I thin the streamlit has bugs in it, that are making it worse.. - trying gradio as well.
@clearsitedesigns @vermi As an alternative to running the official repo I have recently made a port of the diffusers implementation to Apple's new MLX framework called MFLUX. Right now, we only have support for the Schnell model, but it should run relatively quickly. On an M1 MacBook Pro 32GB, it takes between 1 and 3 minutes for me per image (1024,1024 resolution and 2 time steps) but others have reported much faster times on faster machines with more memory.
Should we expect anything on a Mac M1 to output using the install steps in this repo?
Using:
python demo_gr.py --name flux-dev
# and
python demo_gr.py --name flux-dev --offload
Seems to run indefinitely generating just a 128x128 image:
Am I expecting too much of my macbook to use flux-dev?
I notice in activity monitor that it appears the GPU is not being used at all.
I have tried @filipstrand 's MFLUX which seems to work fine!
@joepagan Thanks for giving MFLUX a try! We have a branch which is soon ready to be merged which adds support for the dev model too. It definitely runs, but generation times are definitely slower with my initial testing compared to the Schnell modell.
I tried running this on a few computers. I got it working on my Mac after changing the MPS. I also created a collab to get this up and running. This doesn't seem viable for anything lower than a 4090. The generation speed needs to be faster to be considered ready to use.

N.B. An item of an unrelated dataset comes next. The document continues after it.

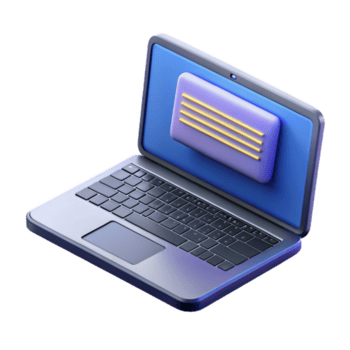 melancólico fascinante fotorrealista, ultra-detalhado, isolado Cortar fora do uma solteiro, aberto computador portátil exibindo uma codificação interface com transparente fundo 4k png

For those who are exploring this:
I'll save you the headache of reading the installation. I had every known challenge to get this run so see if I can save you some time trying to get this to work, so there must have been some magical way. At any rate, this is how I got it to run locally with conda.
Step 1: Install Python 3.10+ using Conda if not already installed. If you don't have Conda installed, you can install it via Anaconda or Miniconda: https://docs.conda.io/projects/conda/en/latest/user-guide/install/index.html
Step 2: Create a new Conda environment with Python 3.10+ conda create -n flux-env python=3.10
Step 3: Activate the Conda environment conda activate flux-env
Step 4: Clone the GitHub repository git clone https://github.com/black-forest-labs/flux cd flux
Step 5: Install the package and dependencies using pip within the Conda environment pip install -e '.[all]'
Step6: Make sure to get the gateway model un gated on hugginface. https://huggingface.co/black-forest-labs/FLUX.1-schnell
Step 7: Run the Streamlit app streamlit run demo_st.py
Adust the samples - generating a single image takes a very long time. I think there is memory leak somewhere.